---------- Input

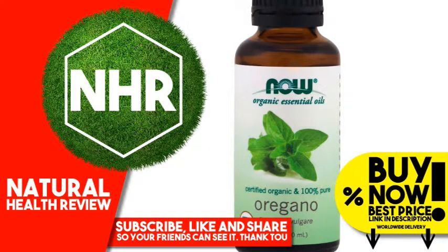Now Foods, Organic Essence Oils, Oregano Oil, 1 Fluid Ounce, 30ml. Product Overview Description: Organic Essence Oils, Certified Organic and 100% Pure, USDA Organic, Origanum Vulgare, Purity Tested, Quality Assured, Certified Organic.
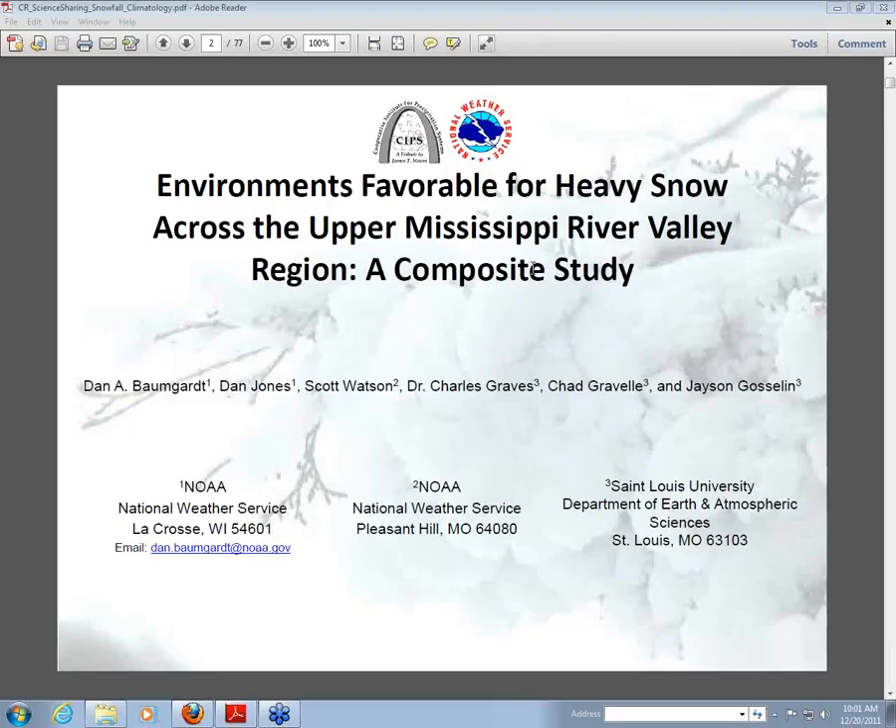This talk is from research that a bunch of people did in our working group and took quite some time to put together. The original work was started by Scott Watson, who's now the hydrologist in Pleasant Hill. He had gone through our area and started documenting heavy snowstorms — that was in the late 1990s when he was doing that work.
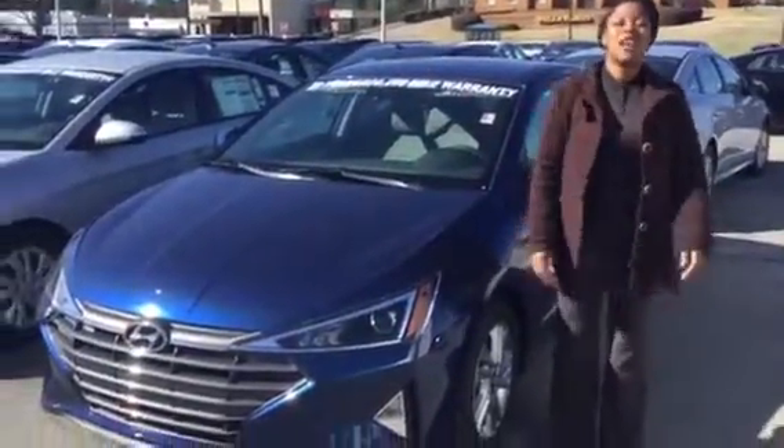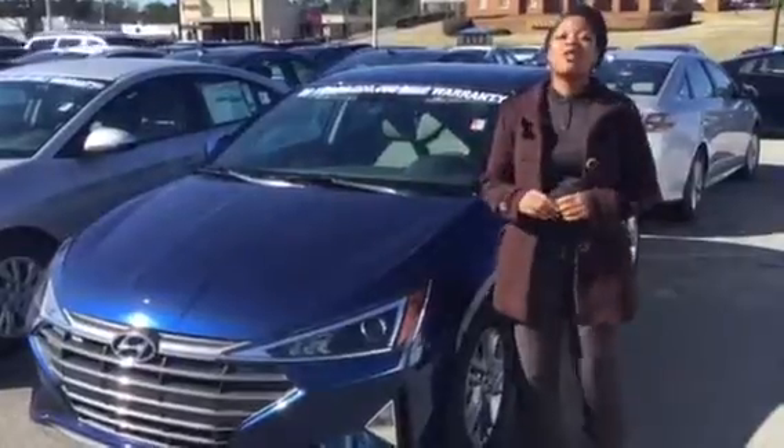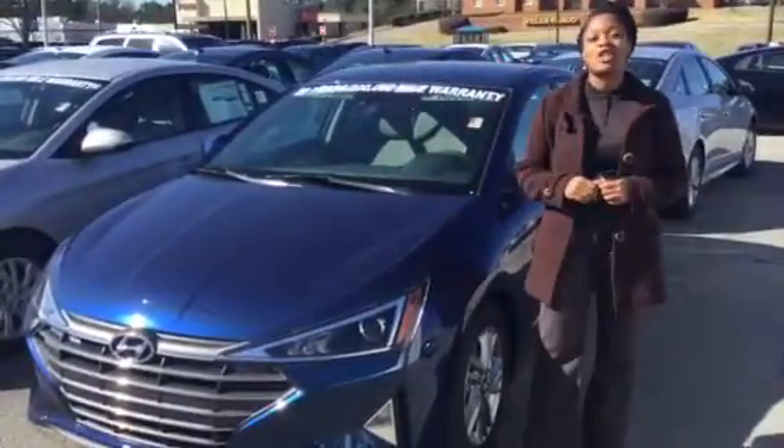Hi, it's Christina with Tamron Hyundai here in Hoover, Alabama. Super excited you inquired about the Elantra. It is one of our amazing vehicles here, and we wanted to take time to show it to you.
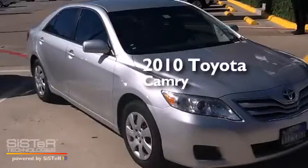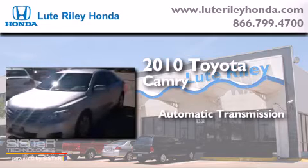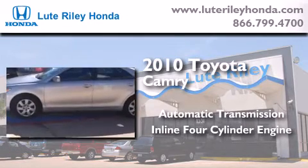This is a 2010 Toyota Camry. This four-door sedan has an automatic transmission and an inline four-cylinder engine.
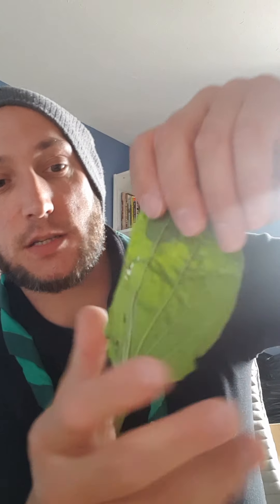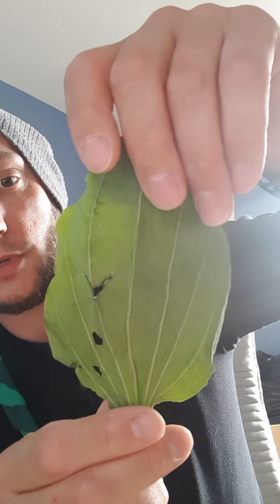Then we have greater plantain. This is more of an oval shape rather than a spear shape. Again, this is quite a large specimen, and again we have those big ridges on the back. They do vary in size.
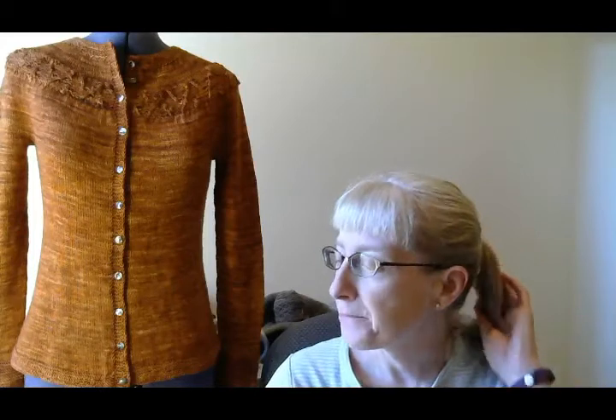Hi everyone, welcome to the Woolly Wonka Fibers podcast. My name is Anne and today is Sunday, August 7th, 2016. I think this is episode 25. Welcome to everyone if you are a new viewer — thank you for checking out my podcast about knitting and spinning and my indie dye business and my indie design business and all kinds of good crafty things. And if you are a returning viewer, thank you so much for your continued support of the podcast.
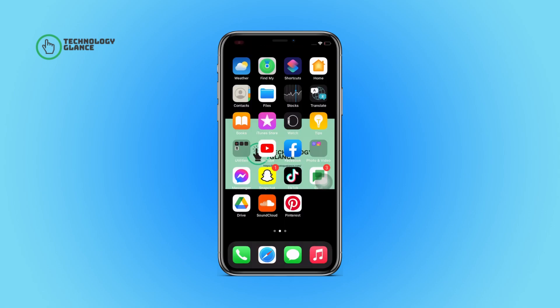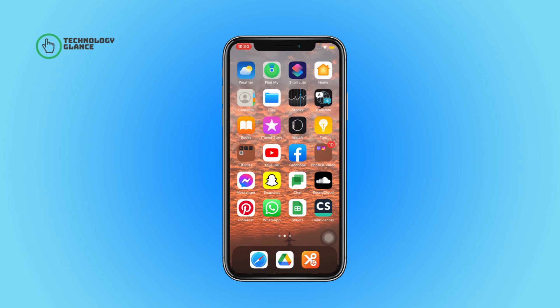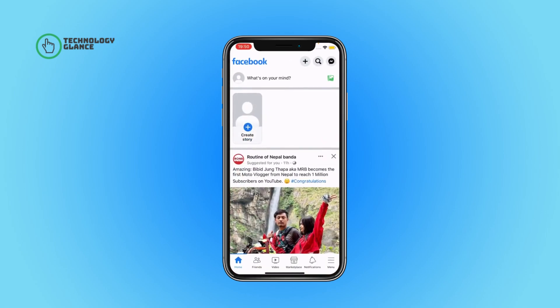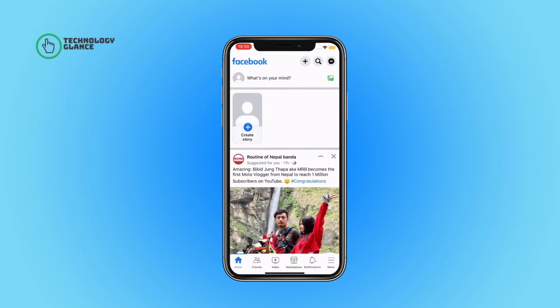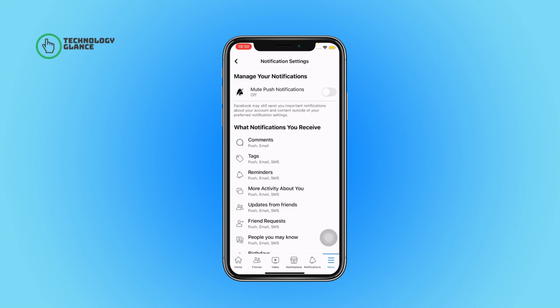Watch till the end and don't forget to subscribe to Technology Glance by hitting the subscribe button and press the bell icon so that you'll never miss another update. First of all, open the Facebook app on your device. Next, select Menu, then tap on Settings and Privacy, and then select Settings. Here under Preferences, tap on Notifications and then open Comments.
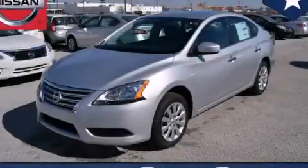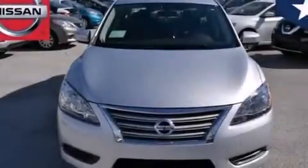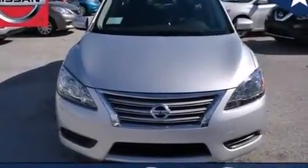This is a brand new 2014 Nissan Sentra. It has a 1.8 liter 4-cylinder engine and an automatic transmission.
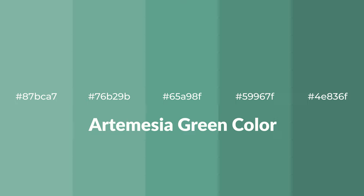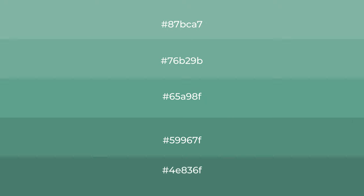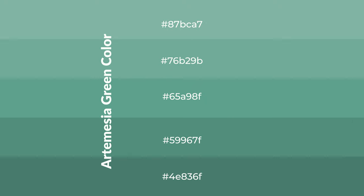Cool shades of artemisia green color with green hue for your next project. To generate tints of a color we add white to the color, and tints create light and exquisite emotions.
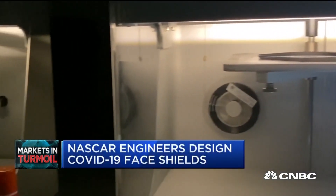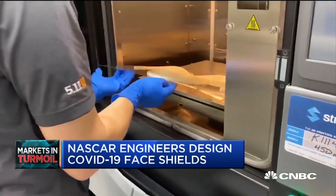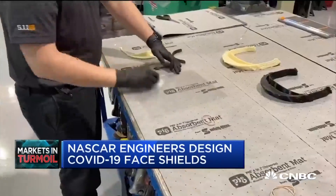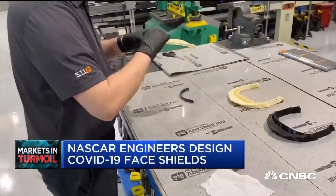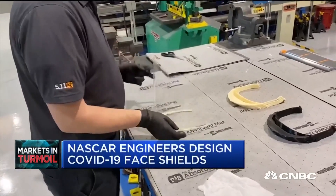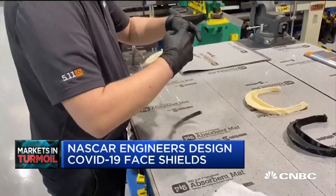Coincidentally, we had just gotten two new 3D printers installed. We were searching on the internet for what the needs were and came across the face shields. We were able to produce a couple prototypes, get connected with some medical personnel and have them look at them. Made some changes based off their feedback and then pretty much just started round-the-clock production.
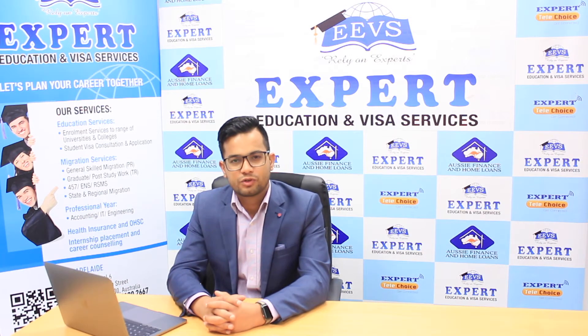We hope that was some useful information to help you understand the visa condition. We look forward to providing you with detailed information at our office located at Level 2, 9K Wilmington Street. You can book an appointment by calling 08-7120-2667. Have a good day and see you later. Bye bye.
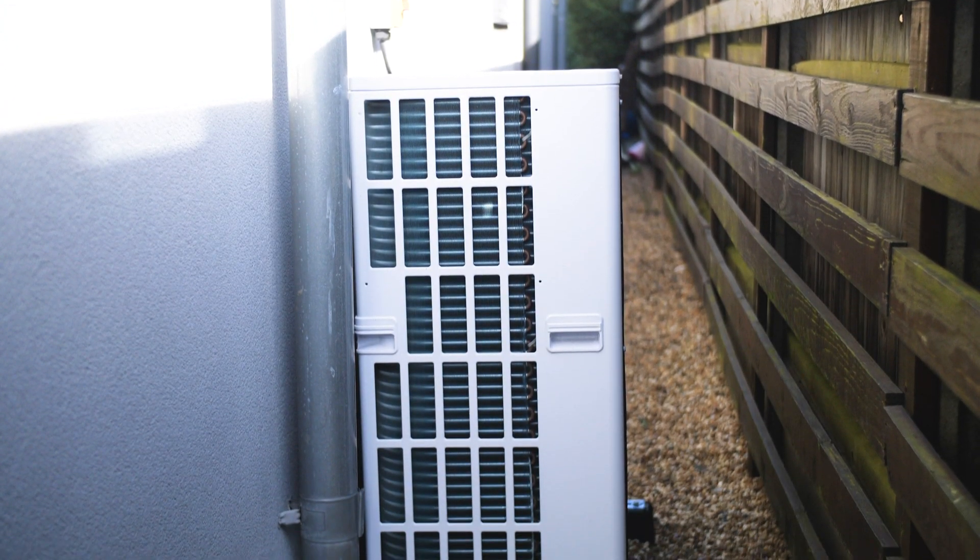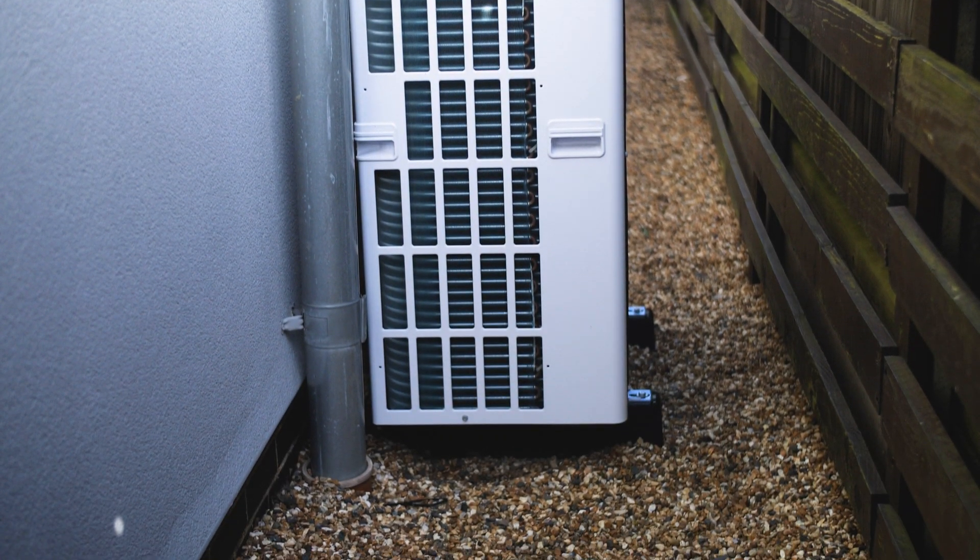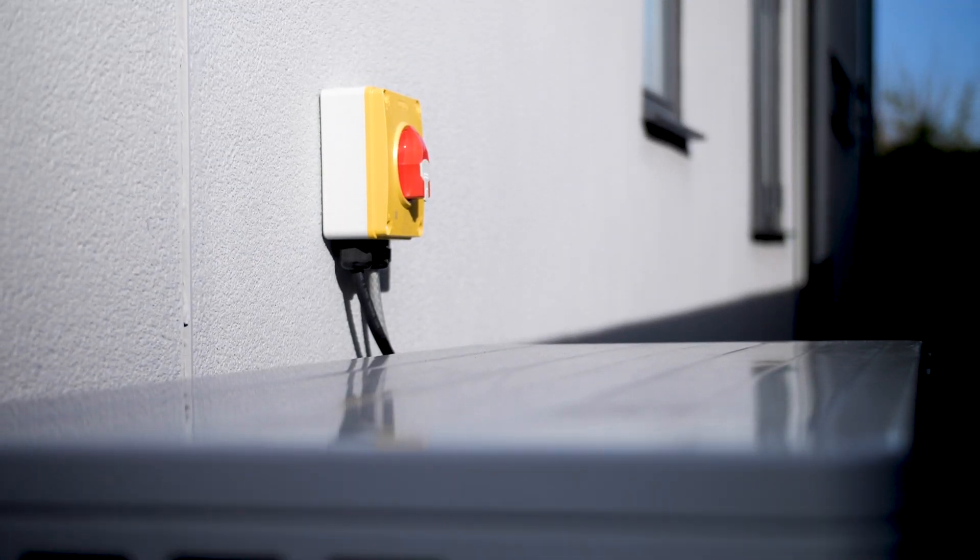I chose air source partly because our garden wasn't quite big enough to make that an easy kind of install under the lawn, which is how they do the ground source heat pump. An air source heat pump is really compact and doesn't have that much of an external footprint, so I went for that option.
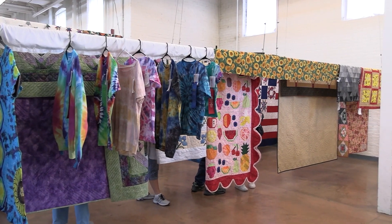On the south end we have textiles and clothing, which includes quilts — as you can see there's a lot of them. We have clothing, baby clothes, all sorts of things.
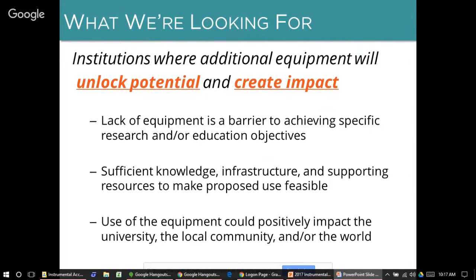What are we looking for in an application? First, we're looking for partners where additional equipment will unlock potential and generate impact — places where lack of equipment is a barrier to achieving specific research and/or educational objectives. We're looking for partners who have sufficient knowledge, infrastructure, and supporting resources to make the proposed use feasible. We're not necessarily looking for places with the most existing infrastructure, but places that can support what you have proposed to do.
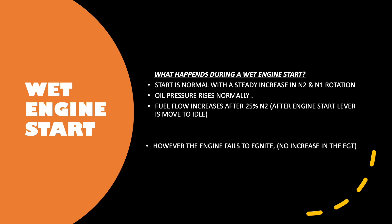The next video we're going to look at is a wet engine start. The start is normal with a steady increase in N2 and N1 rotation. Oil pressure rises normally. Fuel flow increases after 25% N2, which is after the engine start lever is moved to idle. However, the engine fails to ignite and there's no increase in the EGT. This is called a wet engine start.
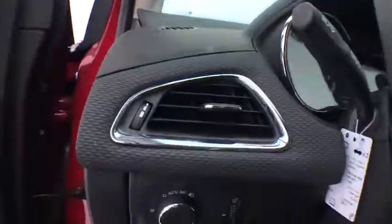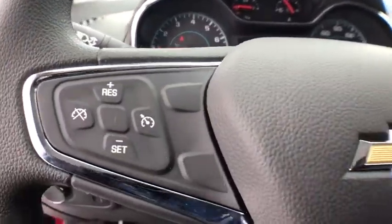If affordable style and reliability are what you're looking for, this vehicle couldn't be more perfect. Drive it today!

--------------------

- Exercise -
Restate the entries above word for word, and keep the pictures out.

- Problem solution -
Now Foods, Organic Essence Oils, Oregano Oil, 1 Fluid Ounce, 30ml. Product Overview Description: Organic Essence Oils, Certified Organic and 100% Pure, USDA Organic, Origanum Vulgare, Purity Tested, Quality Assured, Certified Organic.
This talk is from research that a bunch of people did in our working group and took quite some time to put together. The original work was started by Scott Watson, who's now the hydrologist in Pleasant Hill. He had gone through our area and started documenting heavy snowstorms — that was in the late 1990s when he was doing that work.
Hi, it's Christina with Tamron Hyundai here in Hoover, Alabama. Super excited you inquired about the Elantra. It is one of our amazing vehicles here, and we wanted to take time to show it to you.
This is a 2010 Toyota Camry. This four-door sedan has an automatic transmission and an inline four-cylinder engine.
Then we have greater plantain. This is more of an oval shape rather than a spear shape. Again, this is quite a large specimen, and again we have those big ridges on the back. They do vary in size.
Hi everyone, welcome to the Woolly Wonka Fibers podcast. My name is Anne and today is Sunday, August 7th, 2016. I think this is episode 25. Welcome to everyone if you are a new viewer — thank you for checking out my podcast about knitting and spinning and my indie dye business and my indie design business and all kinds of good crafty things. And if you are a returning viewer, thank you so much for your continued support of the podcast.
Watch till the end and don't forget to subscribe to Technology Glance by hitting the subscribe button and press the bell icon so that you'll never miss another update. First of all, open the Facebook app on your device. Next, select Menu, then tap on Settings and Privacy, and then select Settings. Here under Preferences, tap on Notifications and then open Comments.
This is a brand new 2014 Nissan Sentra. It has a 1.8 liter 4-cylinder engine and an automatic transmission.
Cool shades of artemisia green color with green hue for your next project. To generate tints of a color we add white to the color, and tints create light and exquisite emotions.
Coincidentally, we had just gotten two new 3D printers installed. We were searching on the internet for what the needs were and came across the face shields. We were able to produce a couple prototypes, get connected with some medical personnel and have them look at them. Made some changes based off their feedback and then pretty much just started round-the-clock production.
We hope that was some useful information to help you understand the visa condition. We look forward to providing you with detailed information at our office located at Level 2, 9K Wilmington Street. You can book an appointment by calling 08-7120-2667. Have a good day and see you later. Bye bye.
I chose air source partly because our garden wasn't quite big enough to make that an easy kind of install under the lawn, which is how they do the ground source heat pump. An air source heat pump is really compact and doesn't have that much of an external footprint, so I went for that option.
On the south end we have textiles and clothing, which includes quilts — as you can see there's a lot of them. We have clothing, baby clothes, all sorts of things.
What are we looking for in an application? First, we're looking for partners where additional equipment will unlock potential and generate impact — places where lack of equipment is a barrier to achieving specific research and/or educational objectives. We're looking for partners who have sufficient knowledge, infrastructure, and supporting resources to make the proposed use feasible. We're not necessarily looking for places with the most existing infrastructure, but places that can support what you have proposed to do.
The next video we're going to look at is a wet engine start. The start is normal with a steady increase in N2 and N1 rotation. Oil pressure rises normally. Fuel flow increases after 25% N2, which is after the engine start lever is moved to idle. However, the engine fails to ignite and there's no increase in the EGT. This is called a wet engine start.
If affordable style and reliability are what you're looking for, this vehicle couldn't be more perfect. Drive it today!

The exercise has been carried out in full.